A word-for-word copy of the listing is required, and it must contain no pictures.

Given data
□ □ □

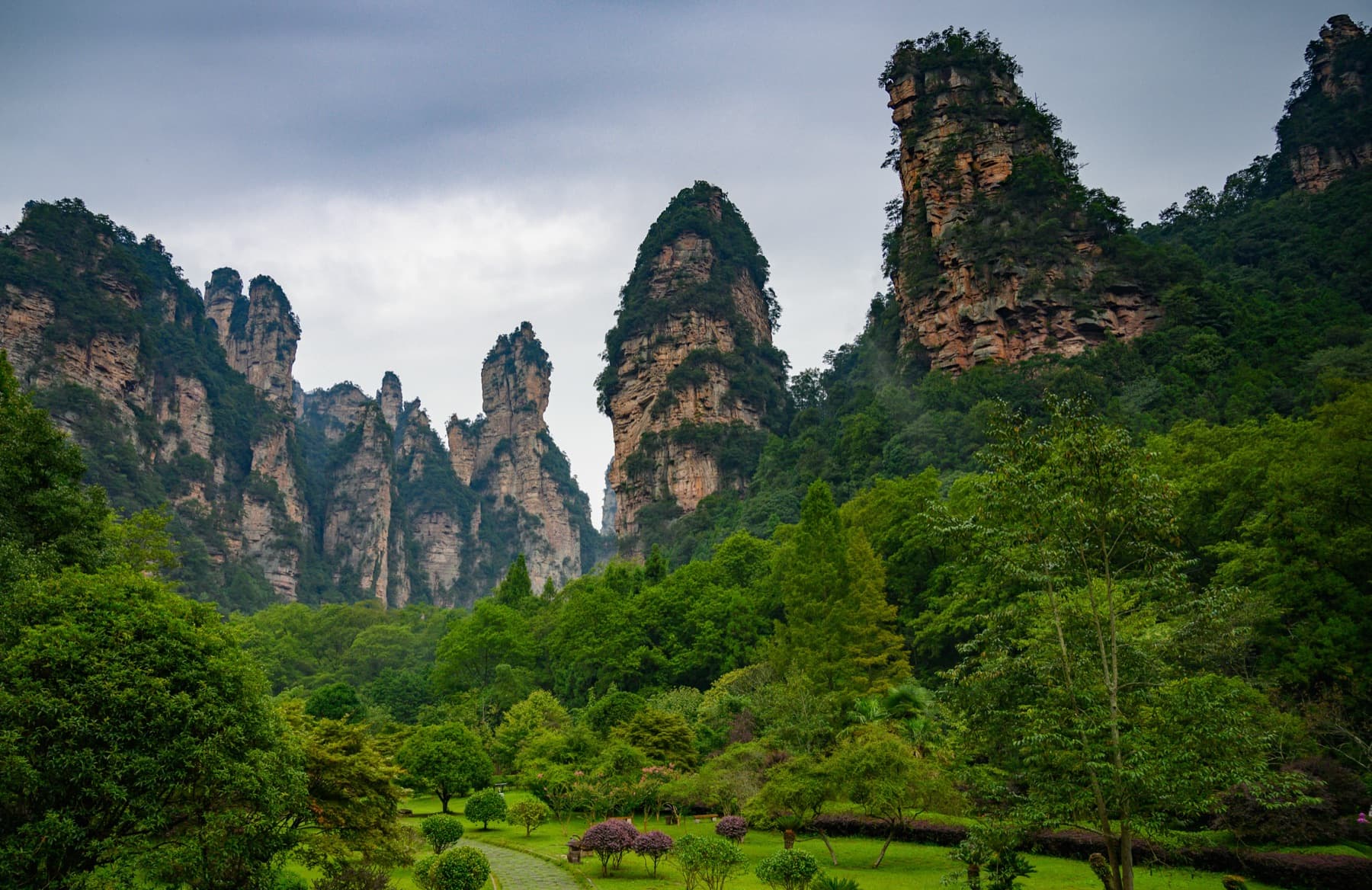 Sandstone pillar forest in Zhangjiajie National Forest Park
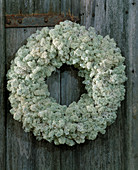 Wreath of Iceland moss on a straw ring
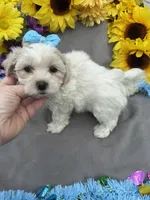 Charmer 🍀, a male Bichon Frise and Shih Tzu for sale in Laurel, DE – Photo 7 of 9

□ □ □

Answer to the problem
 Sandstone pillar forest in Zhangjiajie National Forest Park
 Wreath of Iceland moss on a straw ring
 Charmer 🍀, a male Bichon Frise and Shih Tzu for sale in Laurel, DE – Photo 7 of 9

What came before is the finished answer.